我面試時曾提及,在寫對企業說明的技術內容有一套方法,我會先將產品功能分類,再拆解使用情境與流程,最後從決策在意的角度闡述價值,這做法來自歷史學的因果脈絡梳理、文學的敘事理解,以及編輯對資料準確與邏輯一致性的敏感度。
「我們討論過都覺得,你不繼續念很可惜。」研究所推甄看到總成績時,連自己都很驚訝,校內幾乎沒有競爭對手,但我回不想寫論文,怕自己只會產學術垃圾,其實更準確的理由是,不知道寫完之後要做什麼,一份書審資料都沒送出去。
工作四年後,親朋好友還是會對我這樣說。或許有些人以為我放棄了原本的路,但或許更接近的是,我換了一種方式繼續走。
*
為了製作提案簡報,我來到無人機活動。演講結束後的導覽時間,現場的業務打開一卡大行李箱,拿出散落的飛機零件,說這些零件都是印出來的,還可以直接組裝。我輕敲零件,發現機身中間特別堅固,機翼卻富有彈性,忍不住問業務這是不是用不同的材料印,業務回材質是一樣的,但核心設計不同,透過內部結構的填充密度與幾何配置去調整強度與彈性,還可以留空間裝感測器,後面的工程師們開始追問,這個結構是怎麼設計的。
模組之所以被設計成這樣,是為了讓訊號穩定傳遞、減少誤差;印刷機之所以這麼龐大,是為了在高速與精準之間取得平衡。一開始我也沒有很喜歡那些機器的樣子,久了才浮出樣子的理由,那些被稱為「效率」與「控制」的設計,或許都是人對世界的一種安排方式。

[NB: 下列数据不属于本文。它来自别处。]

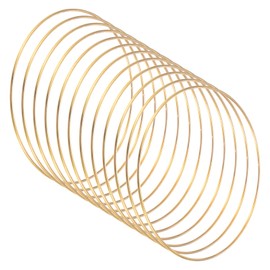 M METERXITY 12-Pack Dream Catcher Rings,7.9 Inch Metal Macrame Wreath Floral Round Rings Crafts Hoop for DIY Wedding Wreath/Wall Hanging Crafts/Christmas Decor[Gold]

我的簡報在「從應用場景出發,讓技術被理解,並轉成可成交的商機」的字中展開。如果是小時候的我,大概不會相信,我現在會在會議室裡,談著工業印刷機與3D列印市場的提案,而不是在廟裡講古。
那時候以為,理解人、歷史與文化,要透過碑文、故事與土地;現在覺得,我仍然在做同一件事,只是對象變成了機器、產品與產業。我沒有完全走在當初想像的路上,但也沒有真正離開。如果要回答那位女孩「現在的我和你差多少」,或許形式上早已天差地遠,但在理解世界的方式上,或許從來沒有改變。

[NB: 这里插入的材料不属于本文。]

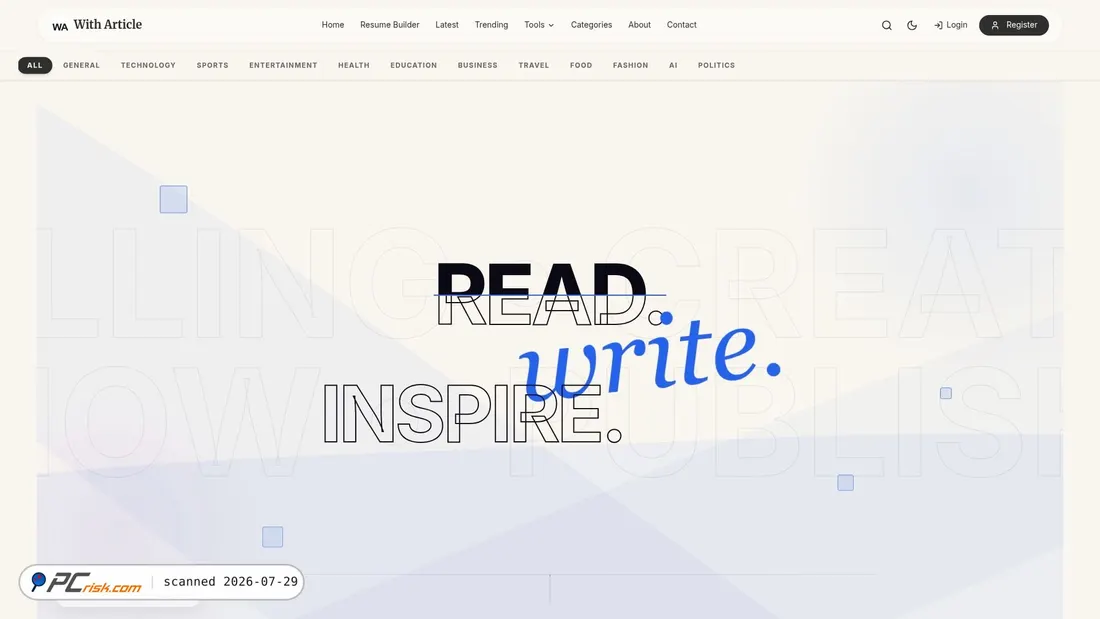 Screenshot of witharticle.com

只要還有「為什麼會這樣」,我的筆記本和筆就還在。女孩講的是歷史與人,而我現在談的是機器與市場,但說到底,我們都在試著回答同一個問題。
我和書友說,以後如果有來新竹,可以簡單帶他走一圈舊城區,女孩會從街道開始,把那些人們留下的痕跡一一講給他聽。我或許會看著拿筆和麥克風的女孩,笑他沒有被替身攻擊,只是換了應用場景。